La stérilisation des personnes handicapées

Publié le 14 Fév, 2006

Le journal La Croix consacre un dossier spécial à la question de la stérilisation des personnes handicapées.

Dans un ouvrage intitulé Stériliser le handicap, Nicole Diederich, chercheuse à l’Inserm, décrivait en 1998 les stérilisations forcées de jeunes filles handicapées. Le 4 juillet 2001, dans le cadre de la loi sur l’allongement du délai légal de l’interruption volontaire de grossesse, a été voté un article sur la stérilisation des personnes handicapées visant à encadrer de telles pratiques. Les évêques avaient dénoncé à l’époque une atteinte à l’intégrité des personnes.

D‘après le texte, "la ligature des trompes ou des canaux déférents à visée contraceptive" est interdit sur les mineurs mais autorisée sur les majeurs lorsqu’ils ont exprimé "une volonté libre et motivée". Pour les majeurs protégés, la décision est confiée au juge des tutelles.

Pour résumer "le principe reste celui d’une interdiction de la stérilisation, sauf lorsqu’il existe une contre-indication médicale absolue aux méthodes de contraception, ou une impossibilité avérée de les mettre en oeuvre efficacement" explique Anne Caron, membre de l’Association nationale des juges d’instance.

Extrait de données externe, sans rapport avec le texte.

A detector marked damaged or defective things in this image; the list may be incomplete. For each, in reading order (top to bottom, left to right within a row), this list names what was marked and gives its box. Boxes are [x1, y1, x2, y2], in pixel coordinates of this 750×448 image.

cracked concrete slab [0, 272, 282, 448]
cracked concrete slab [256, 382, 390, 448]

Depuis le vote de cette loi, aucun bilan n’a été fait. Certains estiment que des stérilisations illégales, en clinique ou à l’étranger continuent à être pratiquées. "Dans tous les établissements, les questions de la sexualité, de la contraception, voire de l’IVG, se posent. Comment sont-elles résolues ?" s’interroge Anne Caron. De son côté, Guy-Marie Cousin, président du Syndicat national des gynécologues et obstétriciens, estime peu probables ces stérilisations hors-la-loi : "fréquemment mis en cause aujourd’hui, les médecins sont devenus plus soucieux du respect des procédures" explique-t-il.

La Croix revient sur le cas de Nathalie, infirme moteur et cérébral qui, alors qu’elle vivait avec son compagnon, a été contrainte à l’âge de 23 ans de se faire stériliser. Sa famille, notamment sa mère, lui a expliqué qu’avec son handicap, elle ne saurait pas s’occuper convenablement d’un enfant. Elle a vécu cette stérilisation comme "un deuxième handicap". Nathalie ignorait que cette pratique était illégale mais vivant sous l’emprise de sa mère, elle s’est laissée faire. Par la suite, la jeune fille a fait une dépression et des tentatives de suicide. Aujourd’hui alors qu’elle a coupé tous liens avec sa famille, elle a reconstruit sa vie malgré ce "quelque chose de cassé" et a décidé de porter l’affaire devant la justice. Le procès devrait avoir lieu l’année prochaine.

Pour Danielle Moyse, chercheuse à l’Inserm, les conditions visant à encadrer ces pratiques étaient déjà énoncées avant la loi de 2001 et ne nécessitaient pas l’intervention d’une nouvelle loi. Elle estime que la dépénalisation de la stérilisation est d’autant plus paradoxale que les moyens contraceptifs sont de plus en plus nombreux. Elle craint que cette loi n’"écrase une certaine éducation à la sexualité, voire à la parentalité, quand elle est possible". Elle se demande si cette loi n’a pas favorisé les stérilisations des personnes handicapées. Elle dénonce le fait que l’on justifie ces stérilisations derrière un motif thérapeutique alors qu’à ses yeux se cache souvent une raison plus "sociale", comme les interruptions médicales de grossesse censées être réservées aux cas "d’une exceptionnelle gravité" et que certains comités d’experts avalisent sur des critères de détresse psychologique ou sociale des parents.

Quant à Philippe de Lachapelle, Président de l’Office chrétien des personnes handicapées, il se dit choqué par cette loi. A ses yeux, ces dispositions sont venues sans débat, sans réflexion et sans évaluation de ses conséquences humaines et psychologiques. Il s’interroge sur le recueillement du consentement de la personne et explique que des manipulations sont toujours possibles sur les personnes fragiles.
Il craint qu’une fois les jeunes filles stérilisées, on soit moins attentif à leur épanouissement humain et affectif et qu’elles soient plus vulnérables à d’éventuels abus sexuels. Il estime enfin que l’on dissocie chez ces personnes ce qui est sexuel de ce qui est amoureux et que l’on ne considère la question du plaisir des personnes handicapées que sous l’angle génital. Dans ce cadre, explique-t-il "plus on ira dans cette direction, plus la tendance sera de stériliser ceux qui nous font peur".